[[ Input for this task, beginning ]]

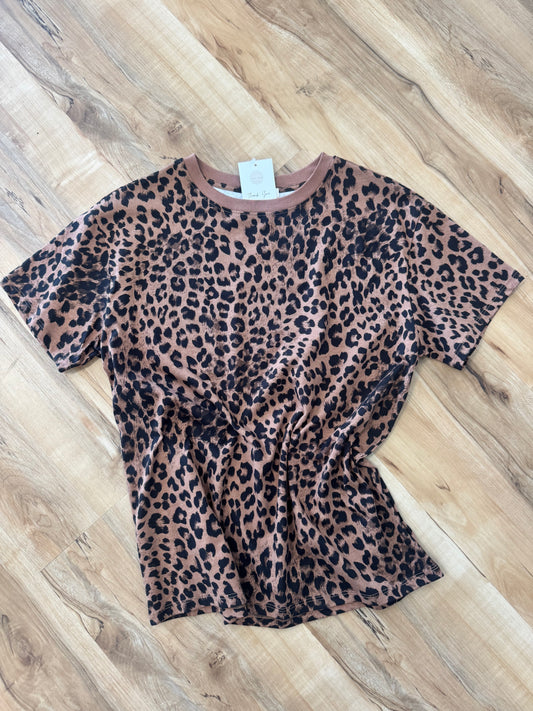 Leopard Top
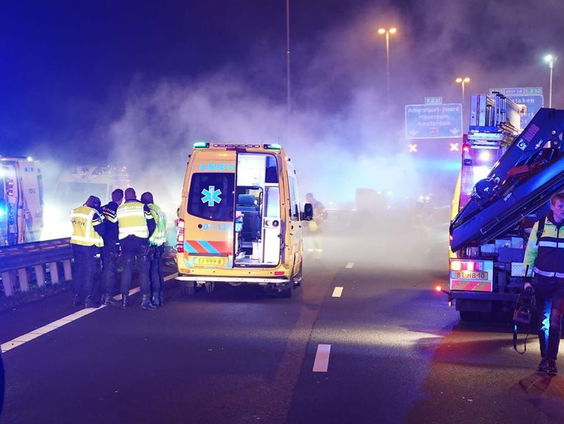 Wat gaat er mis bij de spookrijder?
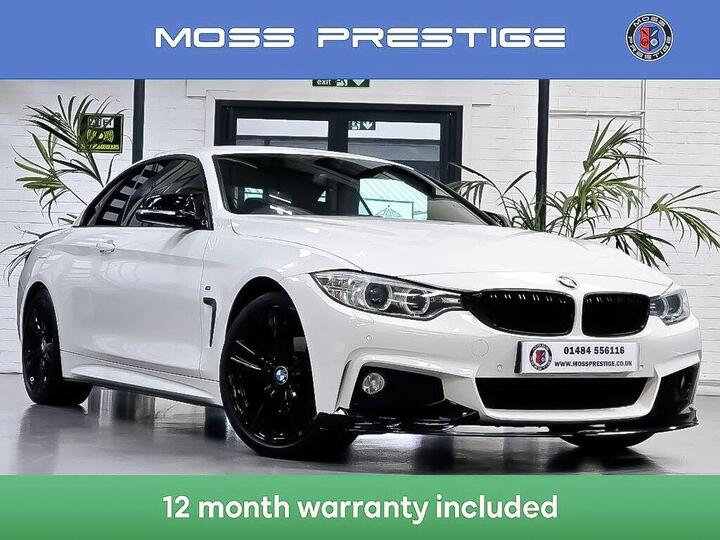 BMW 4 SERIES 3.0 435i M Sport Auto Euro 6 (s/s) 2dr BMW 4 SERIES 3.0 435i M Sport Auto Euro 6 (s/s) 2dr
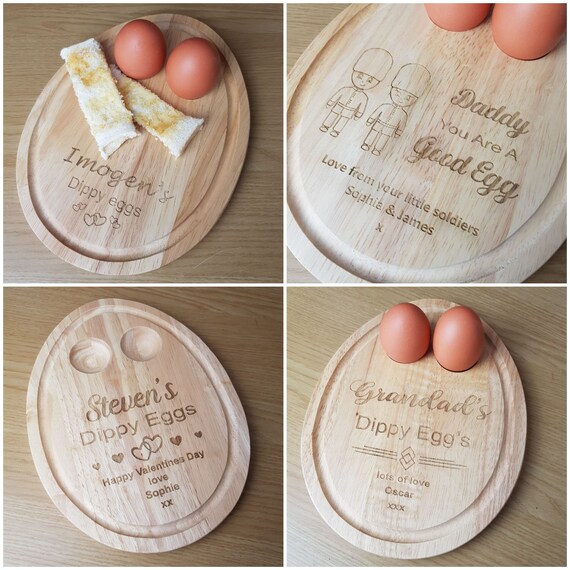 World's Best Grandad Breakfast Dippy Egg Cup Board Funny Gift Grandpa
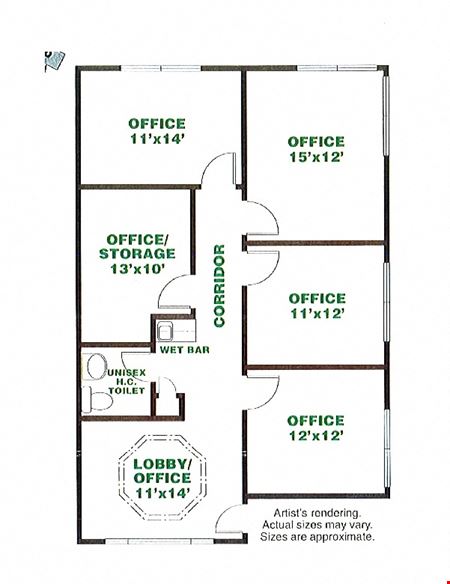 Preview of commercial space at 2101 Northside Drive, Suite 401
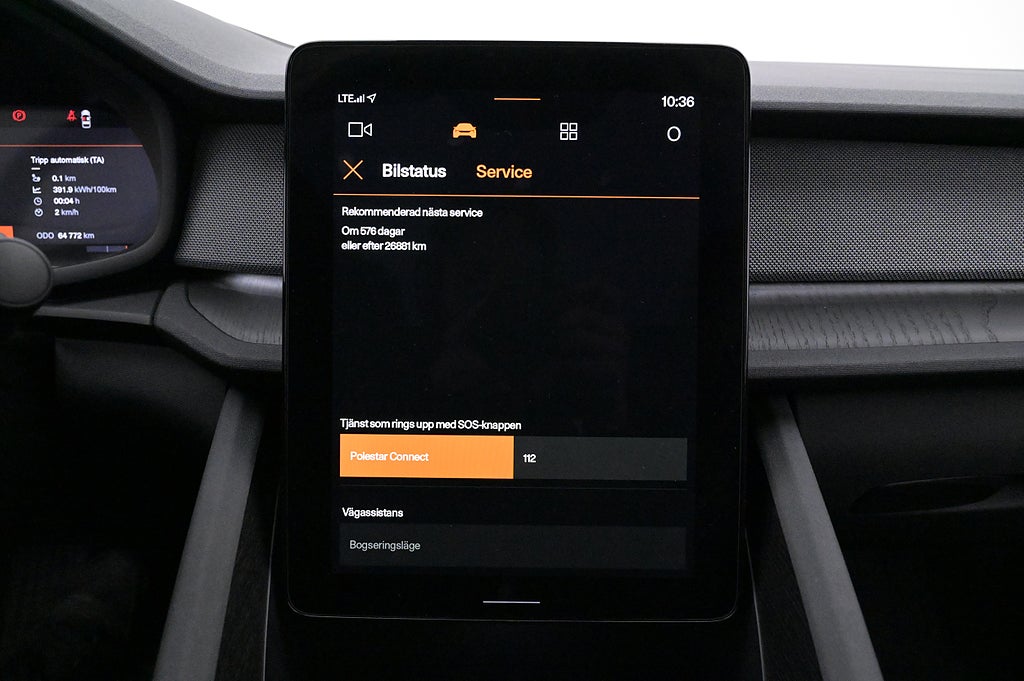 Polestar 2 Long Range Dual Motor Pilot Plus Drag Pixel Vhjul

[[ Input for this task, end ]]
[[ Input for this task, beginning ]]

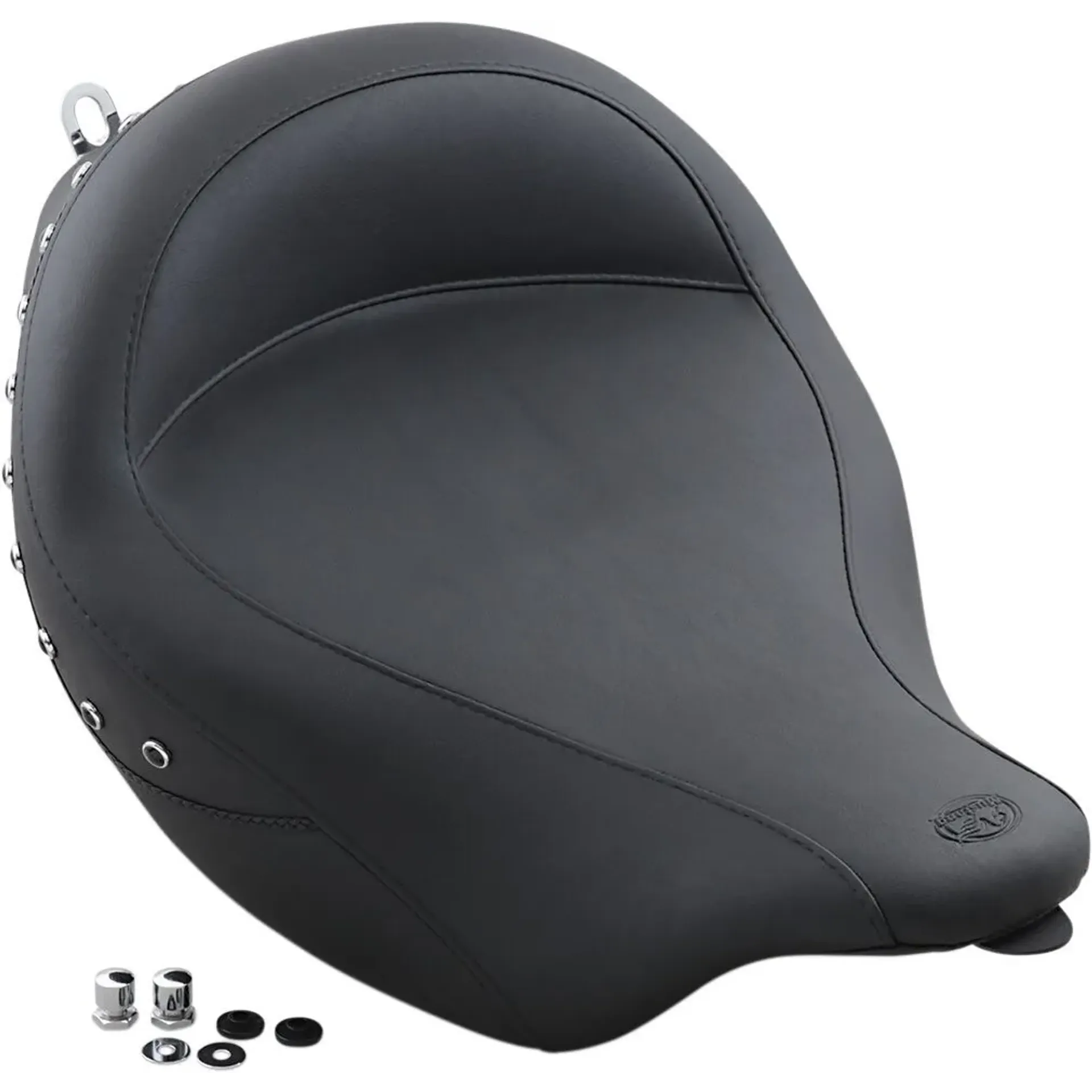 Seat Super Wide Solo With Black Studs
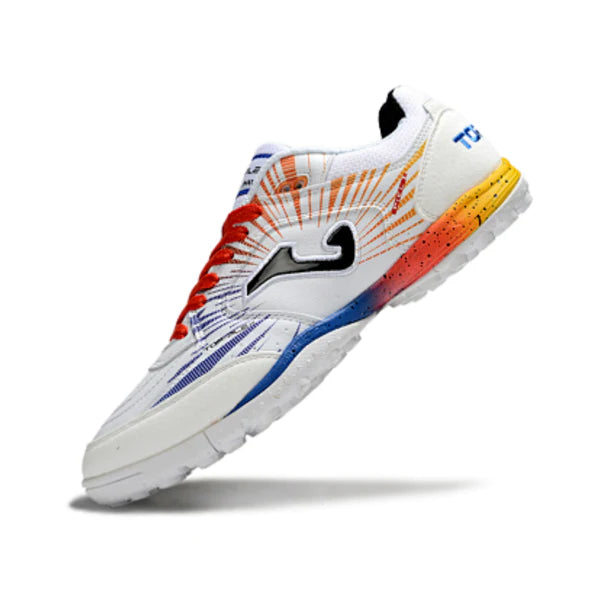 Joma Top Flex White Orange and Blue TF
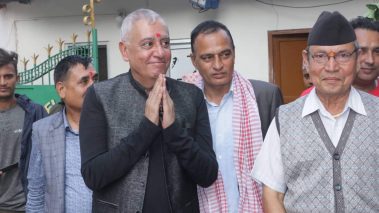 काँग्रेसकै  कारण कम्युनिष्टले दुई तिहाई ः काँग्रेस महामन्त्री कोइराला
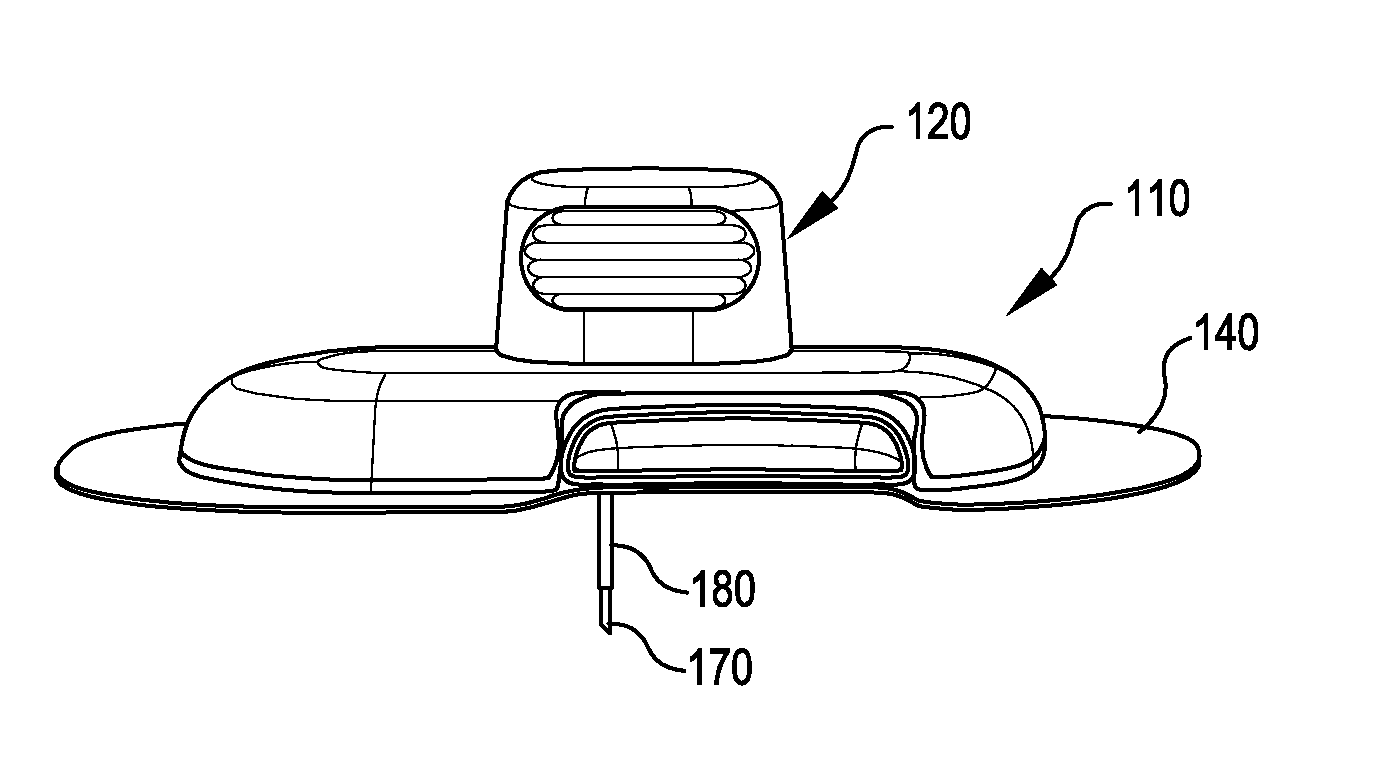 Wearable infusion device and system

[[ Input for this task, end ]]

**Exercise instructions:** Only the lines between the one with "(s/s) 2dr BMW" and the one with "Polestar 2 Long", those two included, get copied from the material above. Keep it exact and free of pictures.

**The completed task:**
 BMW 4 SERIES 3.0 435i M Sport Auto Euro 6 (s/s) 2dr BMW 4 SERIES 3.0 435i M Sport Auto Euro 6 (s/s) 2dr
 World's Best Grandad Breakfast Dippy Egg Cup Board Funny Gift Grandpa
 Preview of commercial space at 2101 Northside Drive, Suite 401
 Polestar 2 Long Range Dual Motor Pilot Plus Drag Pixel Vhjul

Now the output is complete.